Central New York winters are long. A colony that did not store sufficient honey reserves going into fall — or one that was too large relative to its stores — may have starved before spring arrived. A starved colony will often show bees clustered or scattered with heads buried in empty cells, the classic starvation posture. The cluster will feel light, and there will be no honey visible in the surrounding comb. Starvation is entirely preventable with good fall assessment and emergency feeding if needed. This is one area where intervention is appropriate and life-saving rather than contrary to stewardship philosophy.


Varroa Collapse and Winter Virus Load

A colony carrying a heavy Varroa load going into fall is at severe risk of what is sometimes called “collapse.” As Varroa mites reproduce in sealed brood cells, they transmit viruses — most notably Deformed Wing Virus — to developing bees. The winter bees that are supposed to sustain the colony through cold months emerge compromised and short-lived. By the time spring arrives, the colony may appear to have vanished almost overnight despite appearing adequate in early fall. This pattern — a good-sized colony in September followed by near-total collapse by February — is one of the clearest signs of Varroa-driven winter die-off.

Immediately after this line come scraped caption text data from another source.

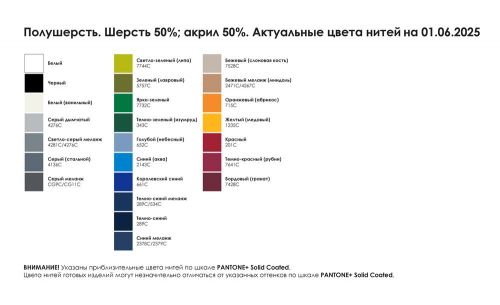 Плед на заказ Tricksy Net, 3 цвета, М, полушерсть
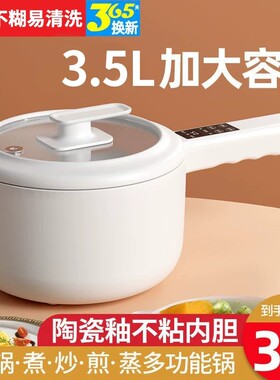 德国电煮锅家用学生宿舍多功能一体式小型电煮锅煮饭炒菜电热火锅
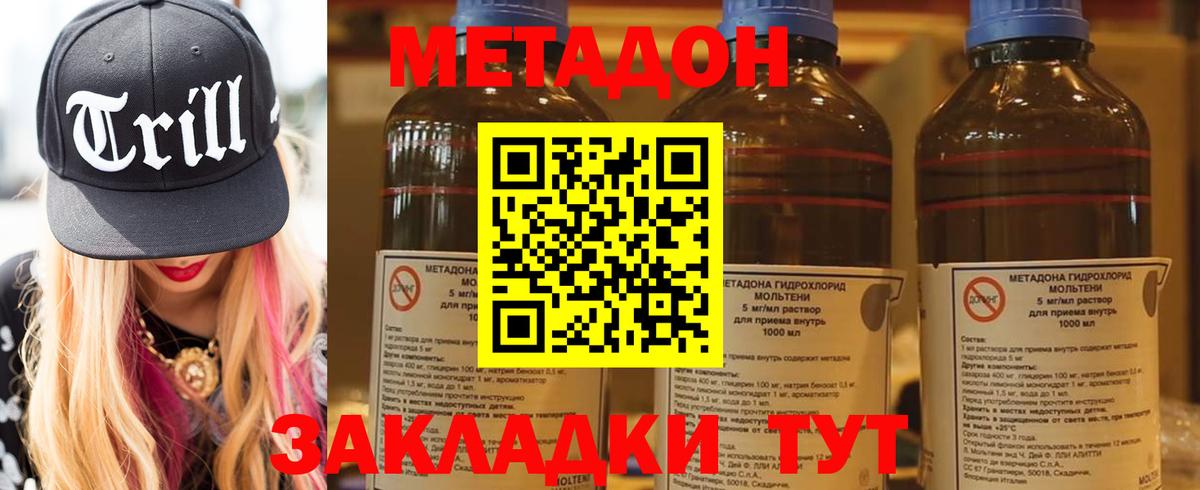Пугачёв  Метадон мёд  Вход с VPN  Метадон VHQ 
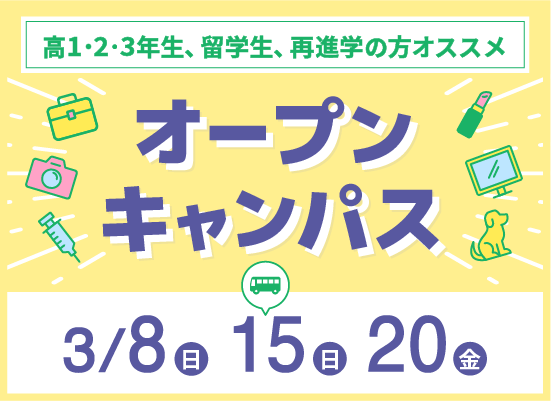 オープンキャンパス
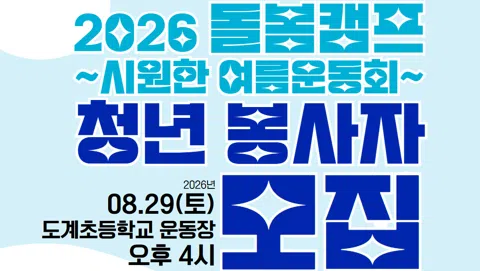 정모 대표 이미지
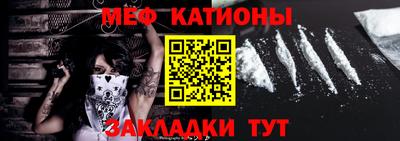 каннабис Нальчик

Moisture and Condensation Damage

An often-overlooked cause of winter colony failure in our humid upstate climate is excessive moisture. When warm moist air from the cluster rises and condenses on cold inner cover or hive walls, it can drip cold water onto the cluster below. Bees can survive cold. They cannot easily survive being wet and cold simultaneously. Good winter ventilation — even a small upper entrance or screened bottom board — can make a significant difference in helping moisture escape rather than accumulate. The Honey Hut helps buffer against some of these conditions, but attention to ventilation remains important regardless of hive housing.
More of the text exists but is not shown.